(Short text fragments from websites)
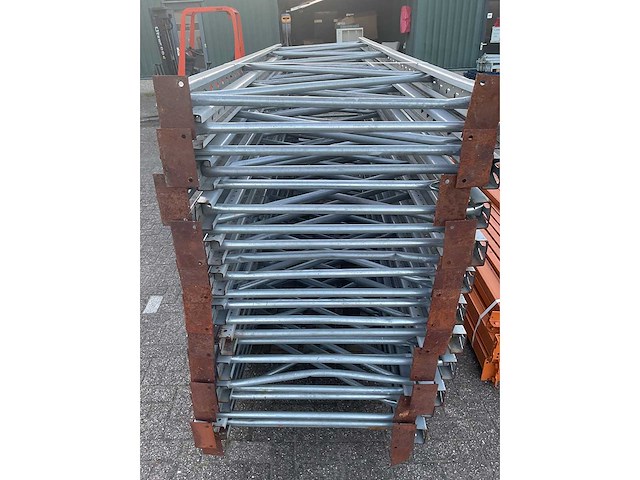 Feralco palletstelling 23x96 - afbeelding 8 van  8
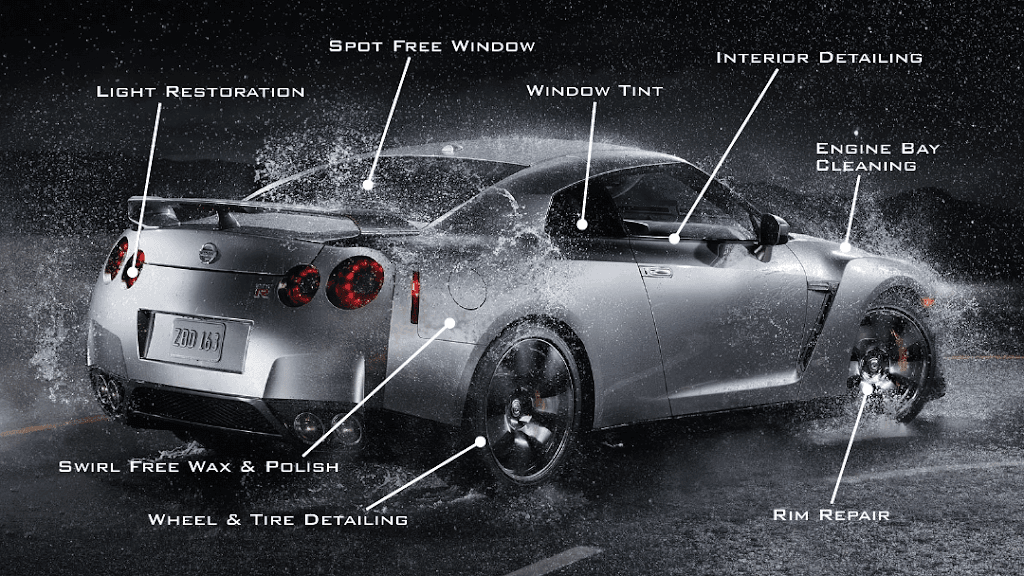 Bos Detail & Wrap featured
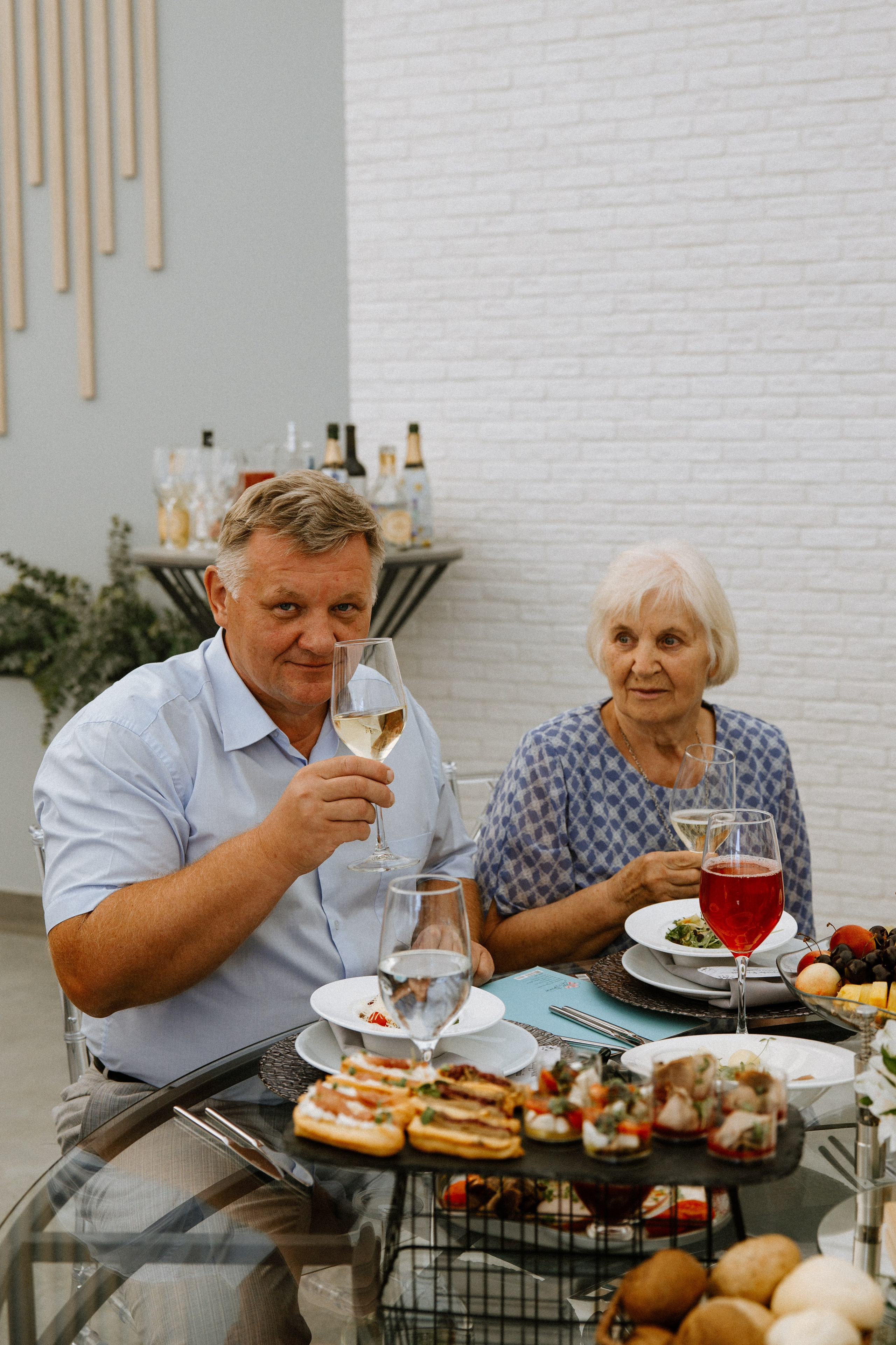 Влад и Арина. Hyatt- шатер Небо. Свадебный фотограф Балчугова Мария Екатеринбург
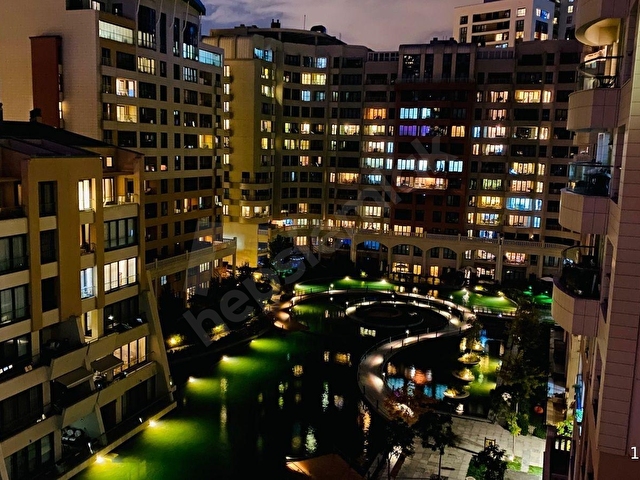 *ANCHORA SİNPAŞ ALTINORAN KULE TERASLI ŞEHİR&VADİ MANZARALI 2+1 - Görsel 6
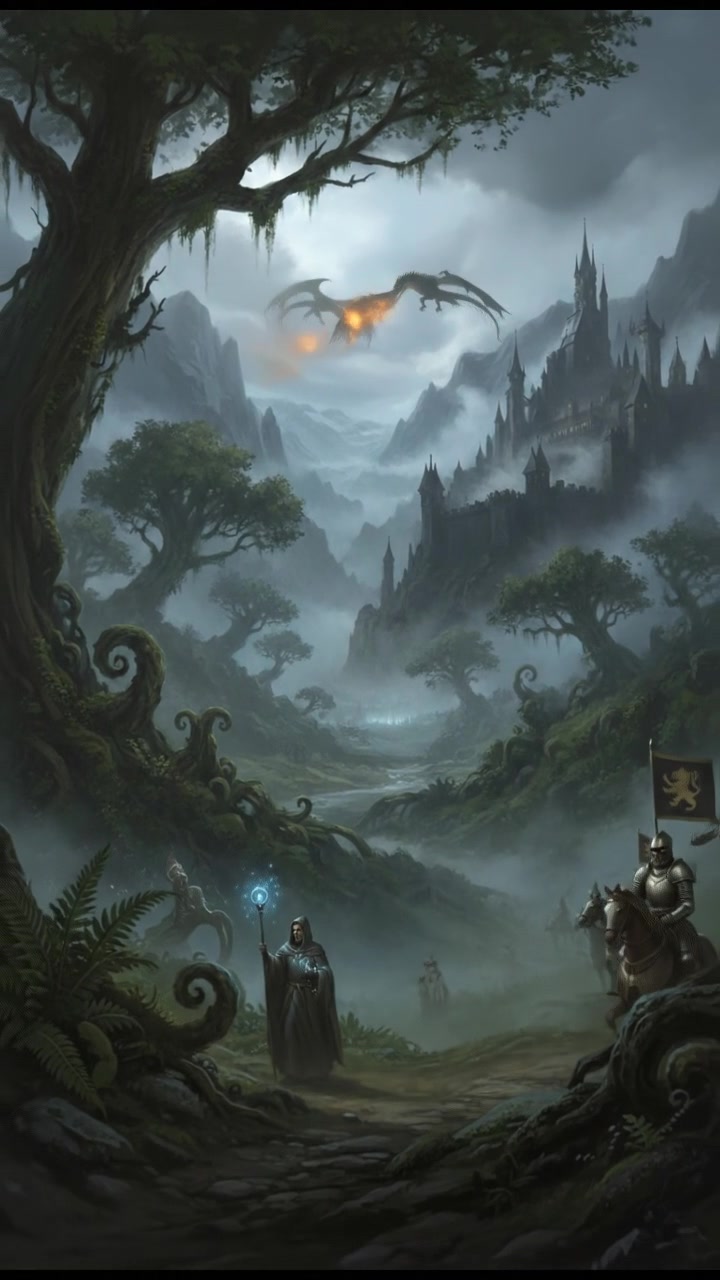 डायनासोरों की घाटी का रहस्य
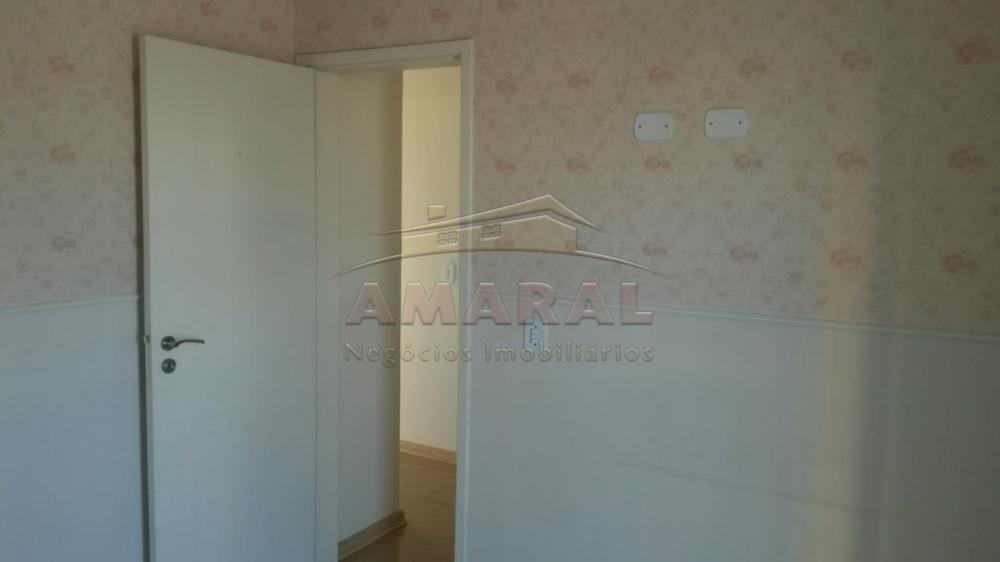 Alugar Apartamentos / Padr&atilde;o em Suzano R$ 1.250,00 - Foto 16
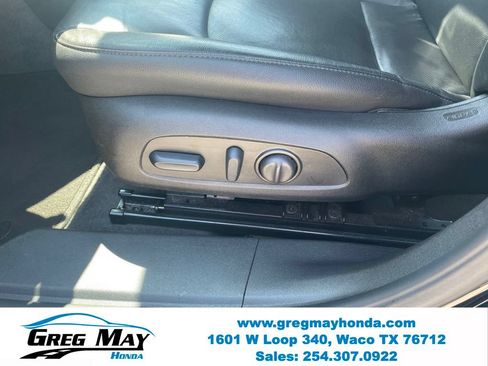 Used 2024 Chevrolet Malibu LT FWD image 13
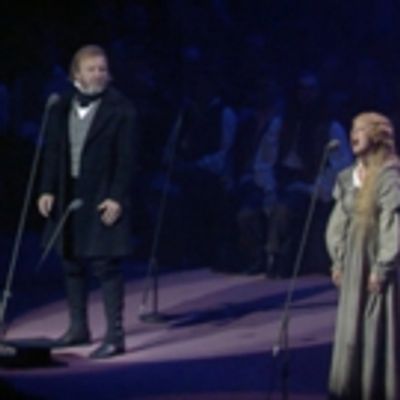 STAGE TUBE: Brush Up on LES MISERABLES in 5 Minutes; Closes This September!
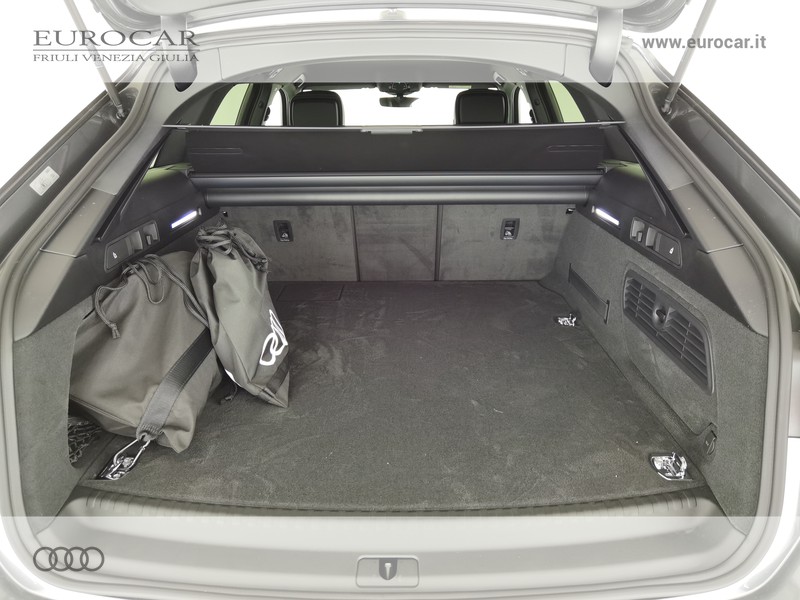 Audi A6 avant 55 2.0 tfsi e s line edition quattro s-tronic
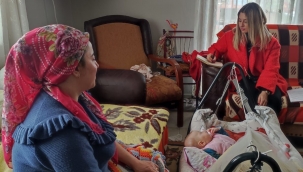 Kınık Belediyesi'nden psikolog desteği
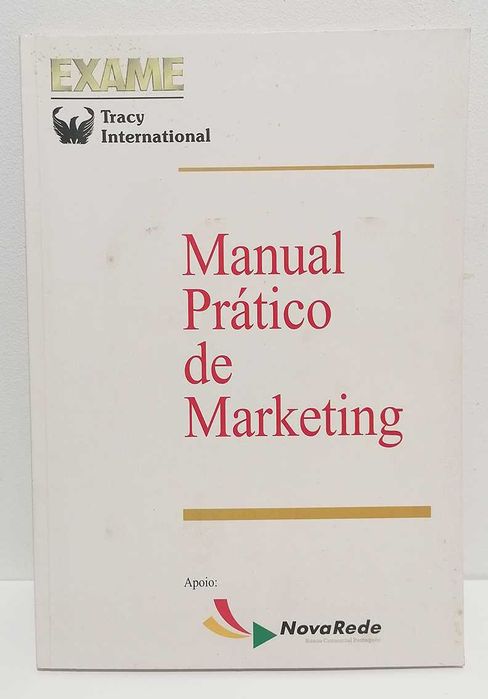 Manual Prático de Marketing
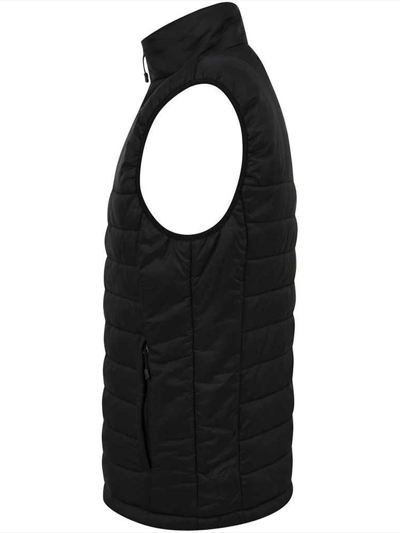 Henbury Unisex Padded Gilet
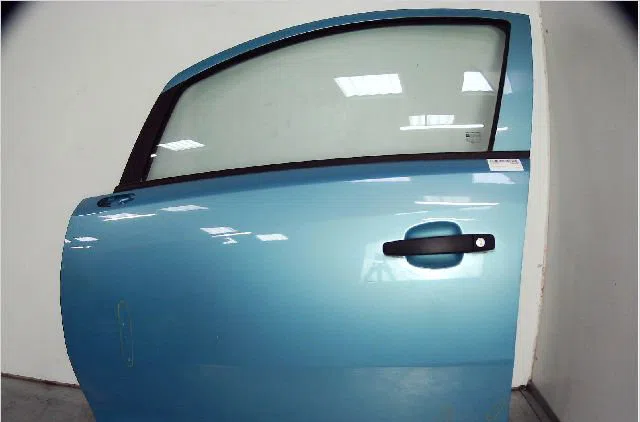 Porte arrière gauche OPEL CORSA occasion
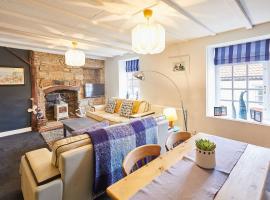 Host & Stay - Dotty's Coastal Retreat, hotel u gradu 'Staithes'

§ TASK DESCRIPTION:
Working from the line with "STAGE TUBE: Brush" down through the last line of the records, give every line again exactly, but no pictures.

§ TASK RESPONSE:
 STAGE TUBE: Brush Up on LES MISERABLES in 5 Minutes; Closes This September!
 Audi A6 avant 55 2.0 tfsi e s line edition quattro s-tronic
 Kınık Belediyesi'nden psikolog desteği
 Manual Prático de Marketing
 Henbury Unisex Padded Gilet
 Porte arrière gauche OPEL CORSA occasion
 Host & Stay - Dotty's Coastal Retreat, hotel u gradu 'Staithes'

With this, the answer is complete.